▶ **TO DO**: Below are records with pictures; copy word for word only the lines between the line with "プリザーブドフラワー／黒薔薇と青×オレンジローズの個性派花束 | 世都華" and the line with "秀人集.com_[DKGir", inclusive, and drop the pictures.

▶ **RECORD SET**:
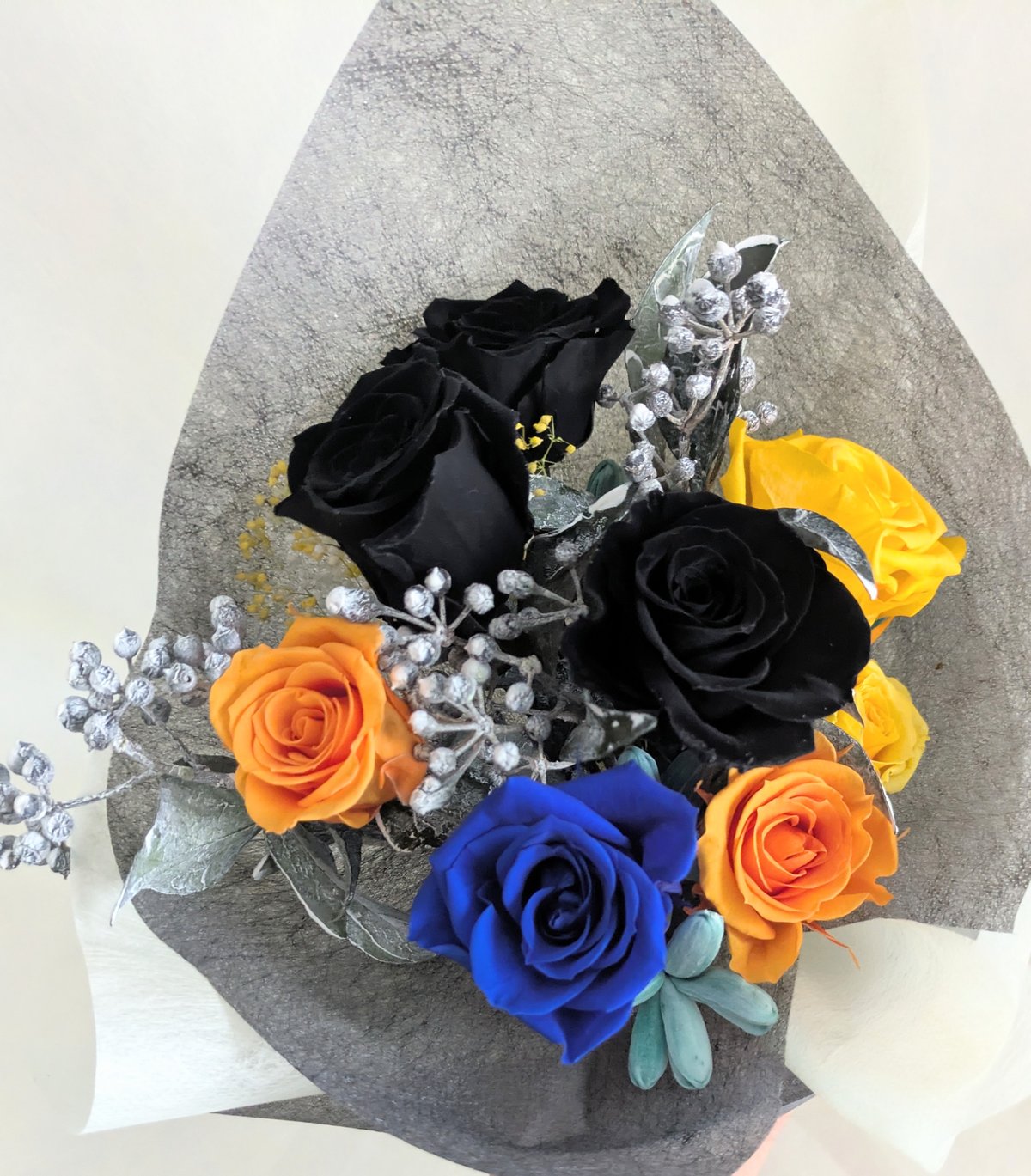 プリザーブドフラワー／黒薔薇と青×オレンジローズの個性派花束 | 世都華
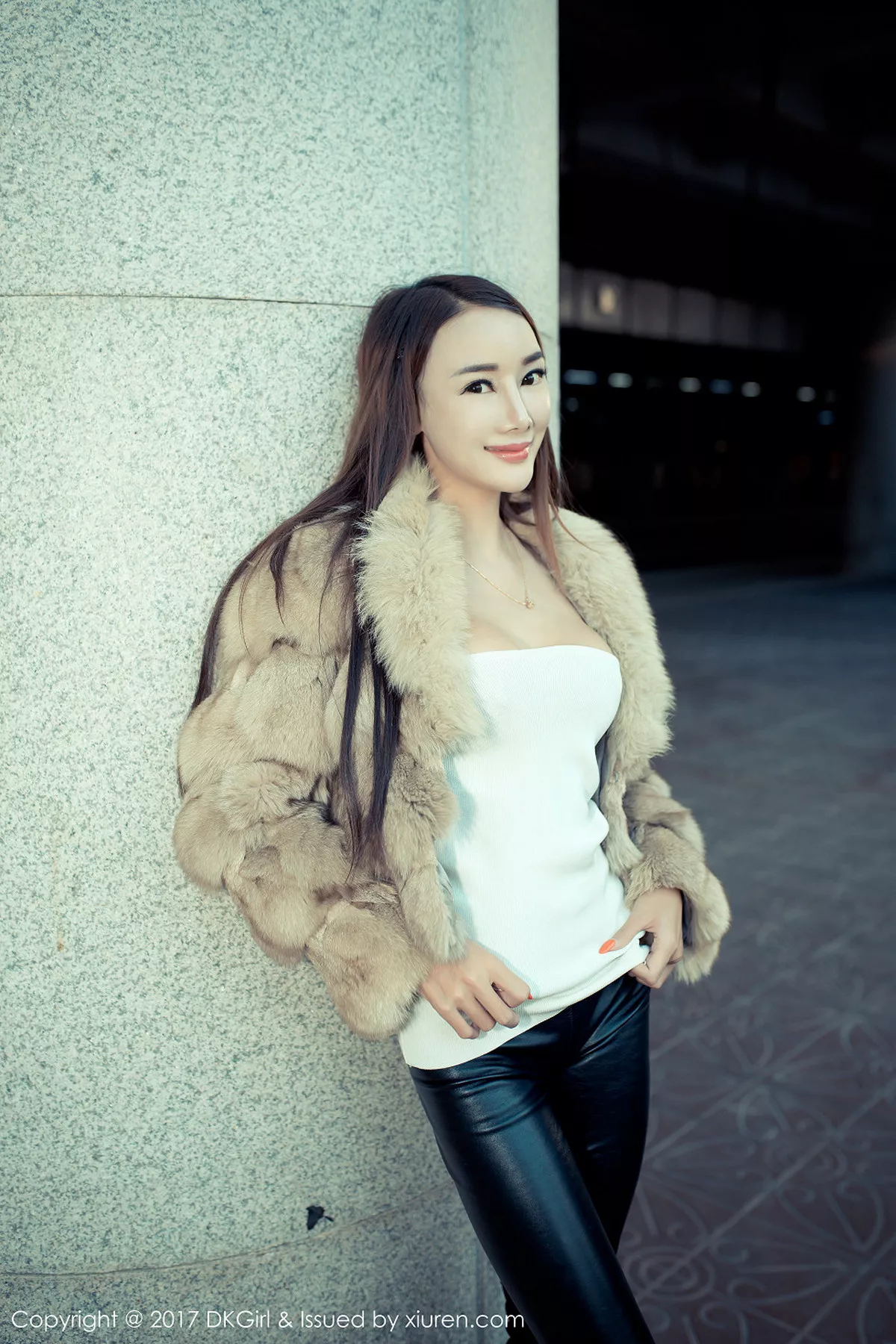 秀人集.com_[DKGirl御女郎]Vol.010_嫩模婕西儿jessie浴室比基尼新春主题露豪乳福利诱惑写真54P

* * *

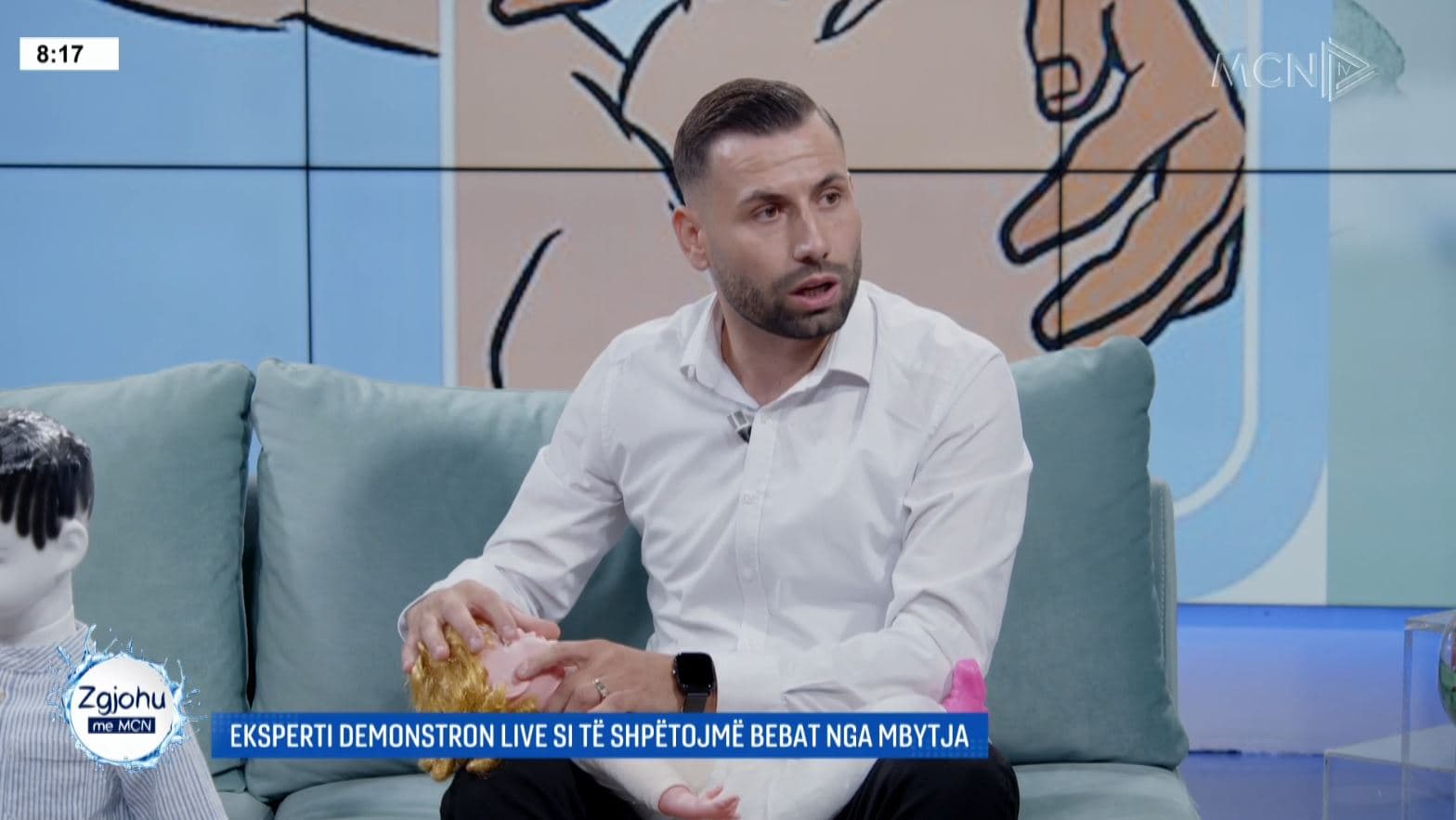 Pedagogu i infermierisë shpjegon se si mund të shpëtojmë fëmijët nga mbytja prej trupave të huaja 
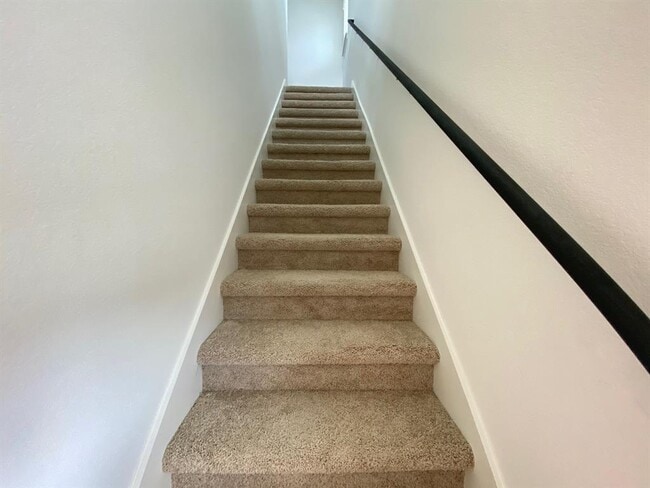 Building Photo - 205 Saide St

▶ **RESPONSE FOR THIS EXERCISE**:
 プリザーブドフラワー／黒薔薇と青×オレンジローズの個性派花束 | 世都華
 秀人集.com_[DKGirl御女郎]Vol.010_嫩模婕西儿jessie浴室比基尼新春主题露豪乳福利诱惑写真54P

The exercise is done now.